Aníbal Gordon (died 13 September 1987) was an Argentine suspected of being a leader of the Triple A death squad, active in 1973–1976 against leftist Peronists during the period of rule by the Peróns. He served as an agent of the SIDE intelligence agency between 1968 and 1984. His activities extended into the period of the Dirty War against the political opposition, conducted by the juntas, which ruled from 1976 to 1983. He was also involved with the kidnappings of businessmen in the 1980s by the Puccio family gang.

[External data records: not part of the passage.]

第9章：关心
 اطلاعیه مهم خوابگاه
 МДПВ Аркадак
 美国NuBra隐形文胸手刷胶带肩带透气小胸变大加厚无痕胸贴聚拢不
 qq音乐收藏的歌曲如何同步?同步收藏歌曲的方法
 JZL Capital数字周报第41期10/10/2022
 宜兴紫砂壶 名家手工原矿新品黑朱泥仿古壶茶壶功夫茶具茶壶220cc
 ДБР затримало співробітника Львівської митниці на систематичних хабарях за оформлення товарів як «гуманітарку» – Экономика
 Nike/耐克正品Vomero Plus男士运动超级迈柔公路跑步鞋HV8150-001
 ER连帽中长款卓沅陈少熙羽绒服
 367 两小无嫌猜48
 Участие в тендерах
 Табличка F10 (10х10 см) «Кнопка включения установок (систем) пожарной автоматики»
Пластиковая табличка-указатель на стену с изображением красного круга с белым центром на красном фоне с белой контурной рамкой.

After his arrest in January 1984, on charges of a 1983 kidnapping, Gordon was later charged with several political murders and kidnappings. He was convicted of three murders of political dissidents committed in 1973–1974, and sentenced in 1986 to 16 years in prison. He died of lung cancer in 1987.

==Background==
Aníbal Gordon was born in Colón to an Argentine family of Scots descent. He started getting in trouble from an early age. He developed a business of commercial displays for plastics and metals, which was used in the beginning to finance his other activities. He hired numerous young men, typically about age 19, who became a gang. His police record noted various criminal offenses between 1951 and 1972, including armed robbery. In 1971 he had sent his crew to Ezeiza to take weapons off a plane. They also filled several drums with naphtha, which Gordon sold undercover to other airfields.

He began working as an agent of SIDE, and was with them between 1968 and 1984. Freed from jail in 1973, he allegedly engaged in racketeering, and kidnappings and assassinations on behalf of the government. In the 1980s, he was working with groups of the extreme right to destabilize the new democratic government of Raul Alfonsín.

Gordon was arrested in the mountains of Córdoba Province in January 1984. He was first charged with the kidnapping of activist Guillermo Patricio Kelly, which had taken place on 24 August 1983. Other charges were later made against him. He was convicted in 1985 of executing the murders of labor leader José Rucci in 1973, and Silvio Frondizi, a professor and brother of the President, and Rodolfo Ortega Peña in 1974, all during the period of Triple A.

In the 1980s, he also was involved with the Arquímedes Puccio family kidnapping gang, whose leading members were convicted in 1985 of four kidnappings of businessmen in the 1980s. Puccio, his son and ex-rugby player Alejandro Puccio, Gustavo Contepomi, and retired Coronel Rodolfo Victoriano Franco were among others convicted in the gang. They were sentenced to life in August 1985.

At the time of Gordon's death in prison in 1987, the former intelligence agent had been charged in several kidnappings and murders. Gordon always denied being part of the Triple A. He acknowledged having worked during the Dirty War in the secret detention center of the Automotores Orletti, where interrogation under torture and executions were performed under the military dictatorship (El proceso) (1976–1983).

Gordon was sentenced October 1986 to sixteen years of prison. He died in jail from lung cancer, on 13 September 1987.